El problema retorcido del cambio climático
La dificultad para combatir la emergencia climática radica en que los combustibles fósiles están por todas partes y son la base del actual modelo de desarrollo social y económico
Mariano Marzo
Catedrático emérito de la Universitat de Barcelona (Facultat de Ciències de la Terra).
Una manera de comprender la singularidad del desafío del cambio climático es compararlo con lo sucedido con otra amenaza ambiental que hace unas décadas alarmó al mundo, pero que hoy parece estar bajo control: la destrucción de la capa de ozono.
En la década de 1930, los clorofluorocarbonos (CFC) empezaron a utilizarse industrialmente como refrigerantes y propulsores de aerosoles. Sin embargo, a principios de la década de 1970, los científicos descubrieron que, cuando los CFC alcanzaban la estratosfera, desencadenaban una reacción química que degradaba la capa de ozono. Una mala noticia porque, cuando se elimina el ozono, aumenta la cantidad de la radiación solar ultravioleta que incide sobre la Tierra. Esa radiación resulta perjudicial para los organismos ya que puede destruir el ADN, dañar las células y favorecer el desarrollo de procesos cancerígenos. Sin la capa de ozono, no existiría la vida tal y como la conocemos en nuestro planeta.
En el transcurso de su investigación sobre los CFC, un día, al ser preguntado por su esposa sobre cómo iba su trabajo, el químico Frank Sherwood Rowland comentó: “el trabajo va muy bien, pero puede significar el fin de la humanidad”. Que eso no sucediera fue gracias en parte a su esfuerzo, y a los de Paul Crutzen y Mario Molina, que compartieron con Rowland el Premio Nobel de Química en 1995 por su investigación que relacionaba claramente los CFC con la erosión de la capa de ozono.

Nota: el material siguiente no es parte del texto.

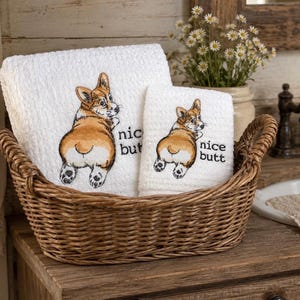May include: Two white towels featuring an embroidered illustration of a Corgi dog looking back over its shoulder with the text "nice butt" in black lettering. The towels are folded and placed inside a brown woven wicker basket.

Sin embargo, el conocimiento científico por sí solo no era suficiente para solucionar el problema. Hubo que esperar hasta la década de 1980 para que los gobiernos empezaran a dar pasos para prohibir el uso de los CFC, decisión que se aceleró tras el descubrimiento de un agujero en la capa de ozono sobre la Antártida en 1985. Dos años después, la comunidad internacional adoptaba el Protocolo de Montreal, un acuerdo global para la reducción progresiva de las sustancias que consumían el ozono, incluyendo los CFC. Dicho protocolo ha sido calificado por el exsecretario general de Naciones Unidas, Kofi Annan, como “el acuerdo internacional más exitoso logrado hasta la fecha”. Gracias al mismo, la destrucción de la capa de ozono pudo ser detenida, esperándose su práctica restauración hacia 2050.
El Protocolo de Montreal representa la respuesta ideal a los riesgos existenciales de origen humano: se da crédito a la ciencia, se diseña una solución técnica y política y se implementa rápidamente. Entre los trabajos de Crutzen, Molina y Rowland sobre los efectos destructivos de los CFC y la adopción del protocolo pasó poco más de una década. Esto es exactamente lo que se pretendía hacer con el cambio climático, sin que todavía se haya conseguido. Y, probablemente, la principal razón para ello no resida en la incapacidad de los políticos, en conspiraciones de poderes ocultos o en la apatía de la población, sino en la propia naturaleza del desafío del cambio climático: técnicamente hablando afrontamos un “problema retorcido” (busquen lo entrecomillado en Wikipedia)
Mientras los CFC estaban en gran medida limitados a los refrigerantes y los espráis de aerosoles -una parte muy pequeña de la economía- los combustibles fósiles están por todas partes y son la base del actual modelo de desarrollo social y económico. Asimismo, mientras los efectos de la destrucción de la capa de ozono pudieron ser visualizados de forma inmediata e innegable -en forma de un gigantesco agujero sobre el Polo Sur- los efectos del cambio climático tienen efectos retardados, a veces camuflados entre la variabilidad natural de los fenómenos meteorológicos extremos. Y, por otra parte, mientras muchas de las grandes compañías fabricantes de CFC habían empezado a trabajar en sustitutos efectivos años antes de la adopción del Protocolo de Montreal, no existe una sustitución técnica universal, rápida, simple y barata, al petróleo, gas natural y carbón, que juntos cubren casi el 81% de la demanda mundial de energía primaria.
Los líderes políticos de 1987 no eran más sabios que los actuales. Ni las industrias ni los ciudadanos tenían un mayor grado de concienciación y compromiso medioambiental. Simplemente, eliminar los CFC era una tarea mucho más fácil.